Another promising line of inquiry that we are currently investigating is to use the colouring techniques presented in this article to formulate an improved tiling procedure for polyominoes. By combining the checkerboard colouring techniques with the linear programming approach presented in [24] we are able to improve the computational efficiency of tiling in many problems.

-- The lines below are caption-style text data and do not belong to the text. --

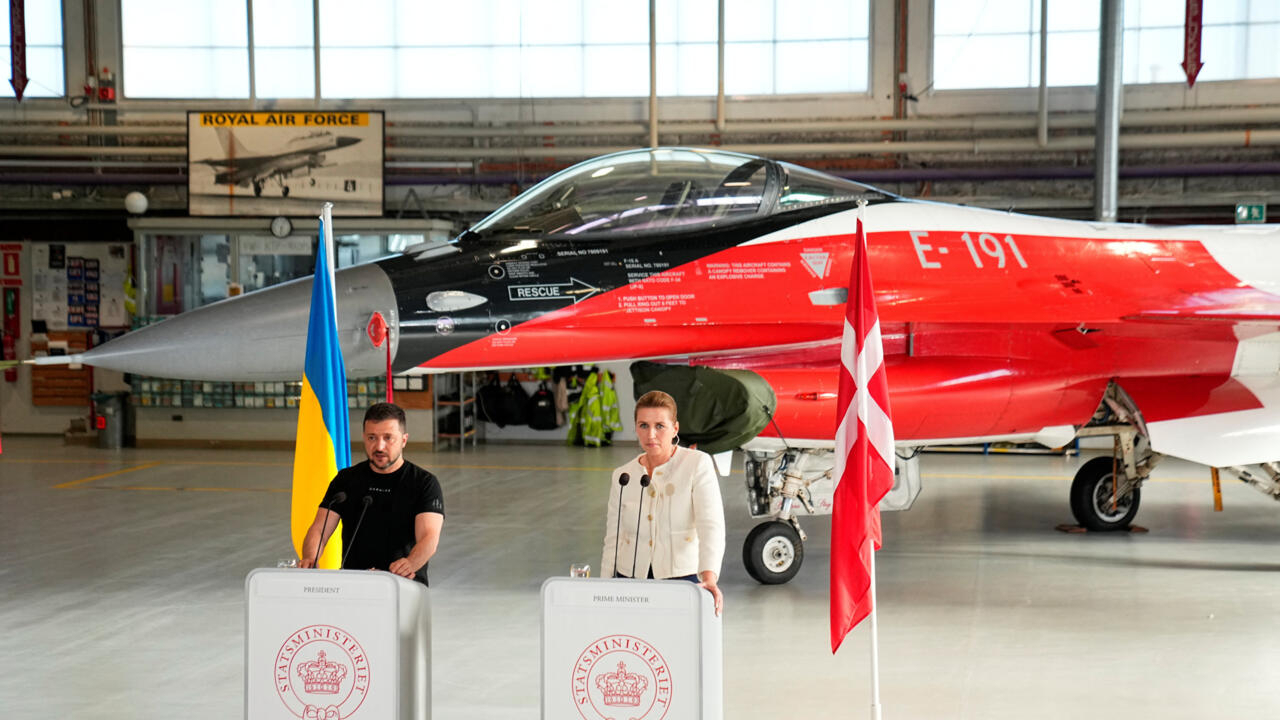 На Украину прибыли первые истребители F-16
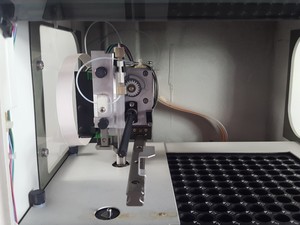 Thumbnail image of Perkin Elmer Series 200 HPLC System - Pumps, Autosampler, Mixer & Manuals Lab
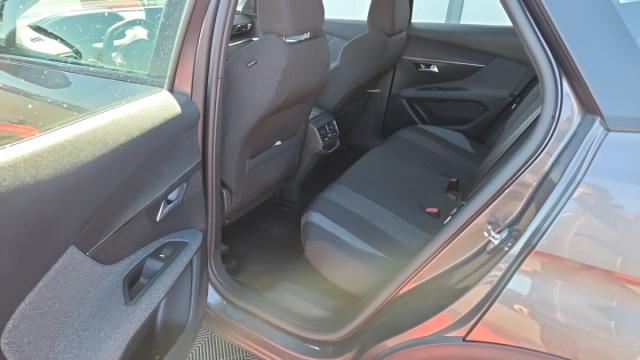 Peugeot 3008 image 3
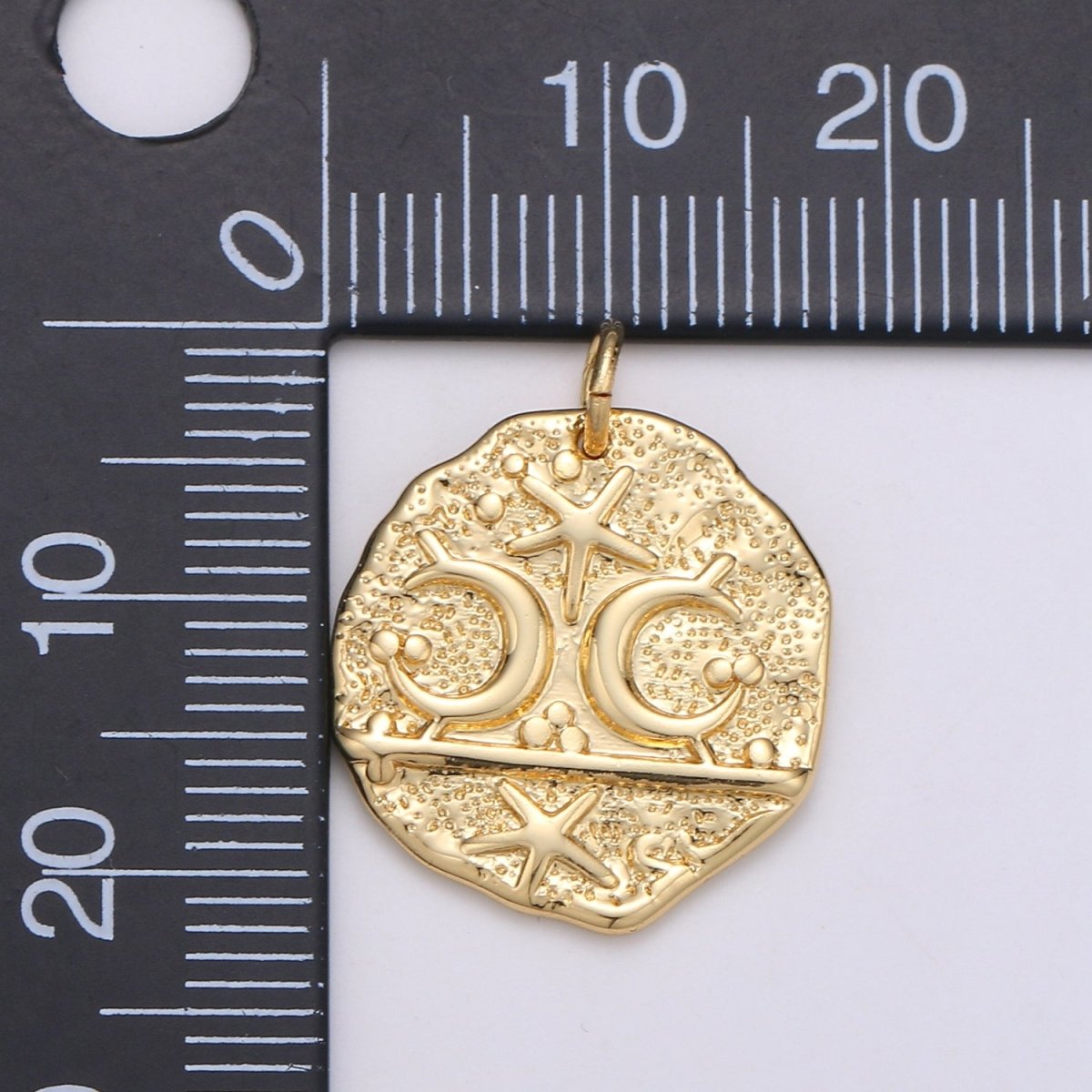 14k Gold plated Moon and Star Medallion Pendant Celestial Astrology Round Disc Charm Pendant, Vintage Coin for Layer Necklace Earring Supply D-716 - DLUXCA
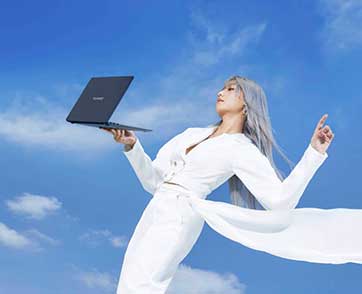 HUAWEI MateBook X Pro แล็ปท็อปพลังแรงเกินต้าน พร้อมอวดความเป็นแฟชั่นนิสต้าตัวแม่ด้วยแอคเซสซอรี่เสริมลุคสุดพรีเมียม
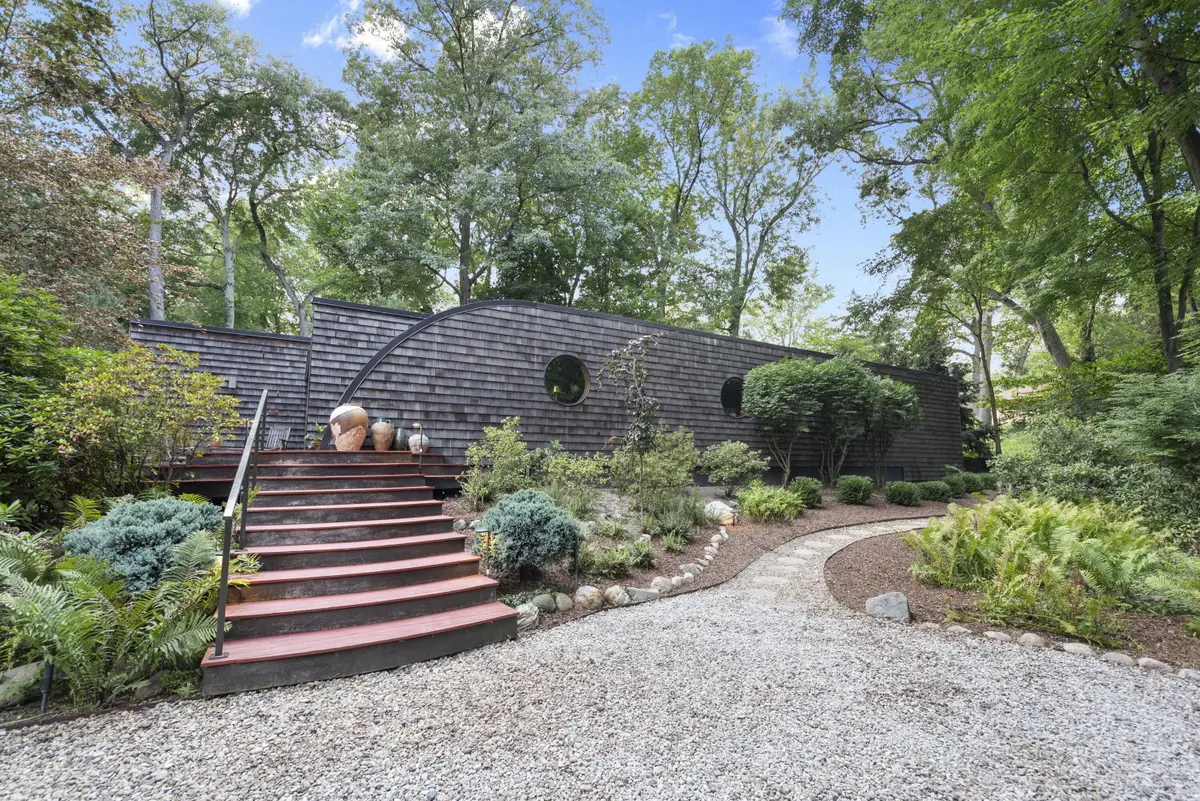 3820 Hiawatha Drive, Michiana Shores, IN 46360 - Image #1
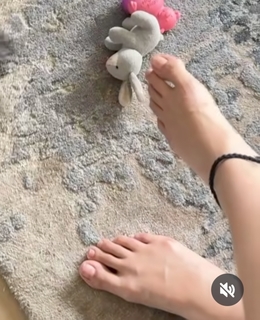 Shanaya Kapoor feet photo thumbnail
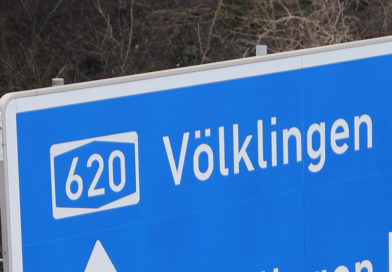 "A620 bei Völklingen" von www.voelklingen-im-wandel.de ist lizenziert unter einer Creative Commons Namensnennung 4.0 International Lizenz.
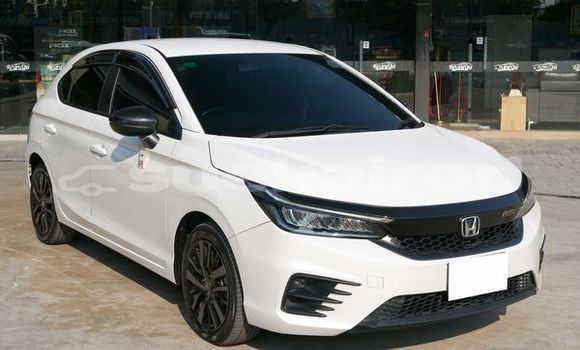 ซื้อ รถมือสอง Honda City ขาว รถยนต์ ใน %{เมือง} ใน กรุงเทพมหานคร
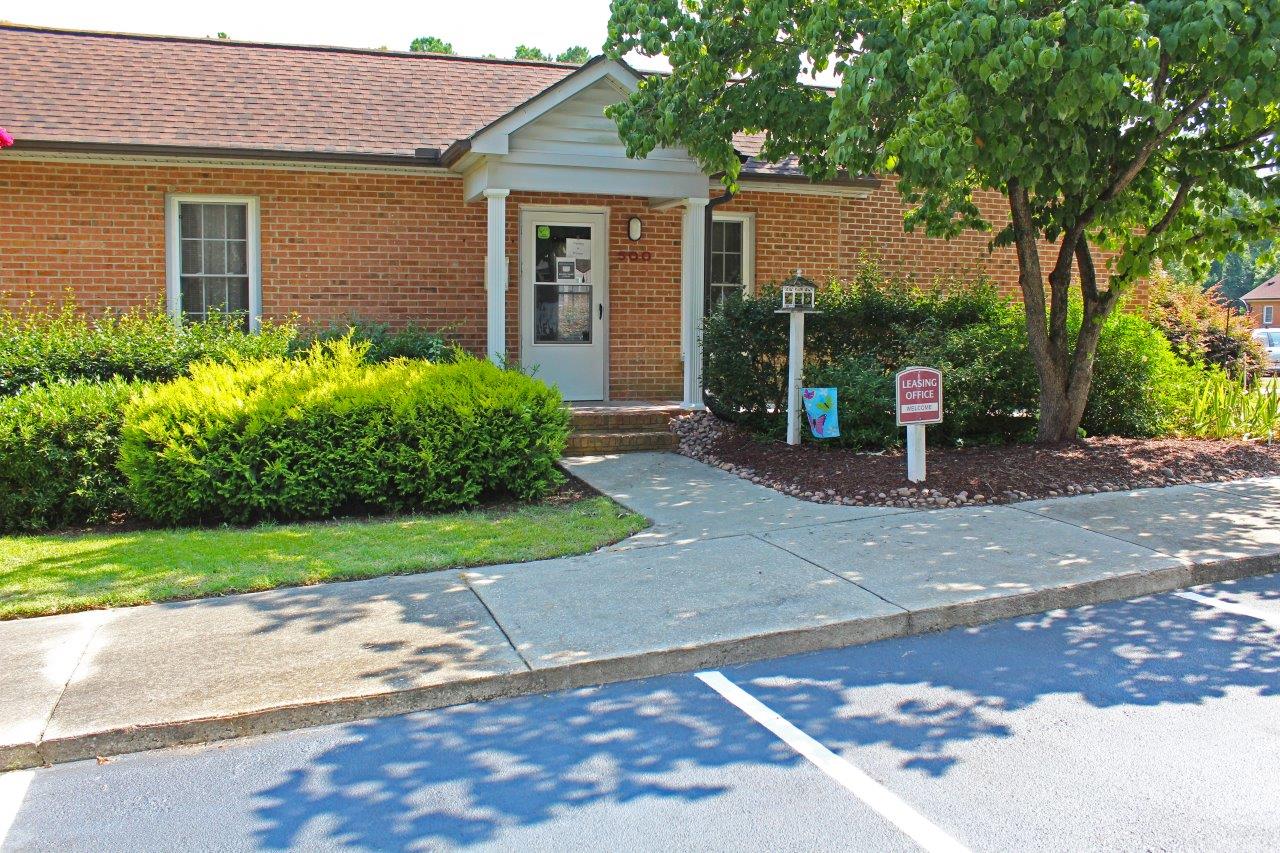 Oak Grove Apartments Apartments in FuquayVarina, NC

This technique relies on the fact that checkerboard colouring can split large tiling problems into many smaller tiling subproblems that are embarrassingly parallel, and hence solvable via a ‘divide-and-conquer’ strategy.

A famous open problem in the theory of polyominoes is to enumerate polyominoes as a function of area, and sometimes as a function of perimeter [29,30,31,32,33,34,35,36,37,38,39,40]. In the context of checkerboard colouring we ask how many distinct polyominoes there are with a given (fixed) area $c=b+w$, where b and w denote the number of black and white squares, respectively. We introduce a (new) related open problem:

Problem 1.

Consider the set of checkerboard coloured polyominoes with b black squares and w white squares. Enumerate the number of distinct (free, one-sided, or fixed) polyominoes as a function of the (fixed) parity $p=b-w$.

Even with the simpler situation of a fixed area, i.e., we are enumerating parity equivalent n-ominoes (see Section 2), this is a complicated combinatorial problem. Hopefully this question stimulates further research.

While this article focuses on two-dimensional tiling problems on a square lattice, the arguments and techniques presented here are easily extended to tiling problems in higher dimensions, and to other lattice structures (e.g., polyiamonds, polyhexes, etc.).